The centre name ‘ReTuna Aterbruksgalleria’, an amalgam of the town name and Swedish words ‘Aterbruk’ and ‘Galleria’, meaning ‘reuse’ and ‘mall’ respectively, evidences the purpose of the mall. Its workers are quite forthcoming in addressing that all goods are secondhand.
However, its founder Anna Bergstrom also implores the significance of a strong business model and entrepreneurial presence. In order for the centre to operate, it relies on the rigour of the owners and managers of the retail shops. Without this thirst, Bergstrom believes the centre would operate more like a game rather than a shopping mall. It is an interesting balance between municipal and business, one which the success of the centre truly depends upon. The centre has no sole owner and is managed by environmental activists. It originates from bold politics and the town’s desire to be the best at handling waste management. Considering Sweden’s recycling policy has been dubbed “so revolutionary the country has run out of rubbish” by the Independent, the town was obviously going to have to produce something pretty remarkable to warrant that title.

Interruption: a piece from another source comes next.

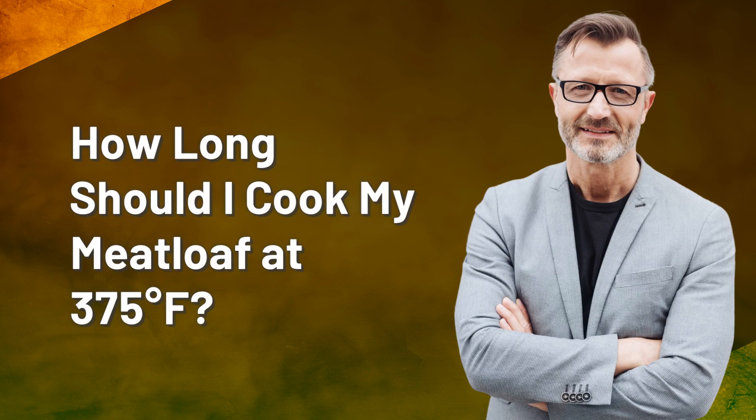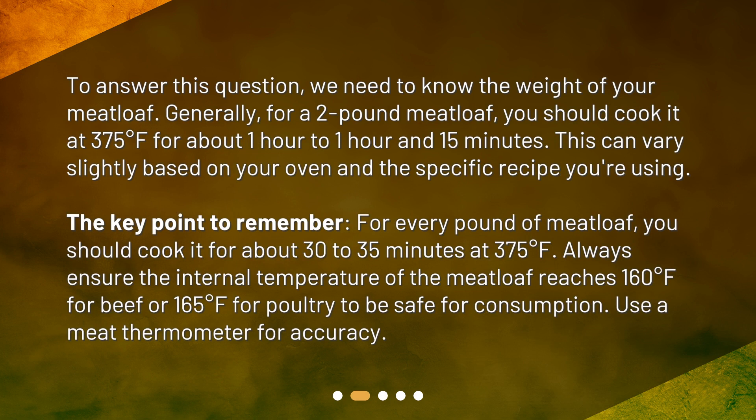How long should I cook my meatloaf at 375 degrees Fahrenheit? To answer this question, we need to know the weight of your meatloaf. Generally, for a 2-pound meatloaf, you should cook it at 375 degrees Fahrenheit for about 1 hour to 1 hour and 15 minutes. This can vary slightly based on your oven and the specific recipe you're using.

Since its launch in August 2015, the centre has at times struggled to make a profit. However, this was entirely to be expected, and generally, it is considered to be a great success and to be more profitable than expected. The Swedes comfort with buying secondhand items is quite notable in the strength of the centre. Considering that Sweden actually imports rubbish in order to sustain its recycling plants, the Swedish people are obviously habituated with recycling and reused goods to a level most nations could not really understand. Although this may seem like a really great idea for other countries to implement, it is apparent that it, unfortunately, would not be quite so simple.
Consisting of fourteen shops, the centre has specialist outlets in a whole host of areas, ranging from clothing to building materials. Accepting donations from the general public, the mall does not turn away any items. If products are not suitable for resale even after servicing, they are redistributed either to local communities or recycling centres. Nothing is thrown away. In addition to the shops and restaurant, the centre also houses an exhibition area, conference room, and training college. These all facilitate the education of recycling and really do ensure the longevity and ascension of ReTuna Aterbruksgalleria. Sweden has provided not just a shopping centre of rejuvenation, but also a centre of understanding and environmental responsibility.
It certainly will take a while for this kind of shopping model to spread. But its current strength is definitely a great accomplishment for the people of Eskilstuna, as well as a significant example of sustainable shopping.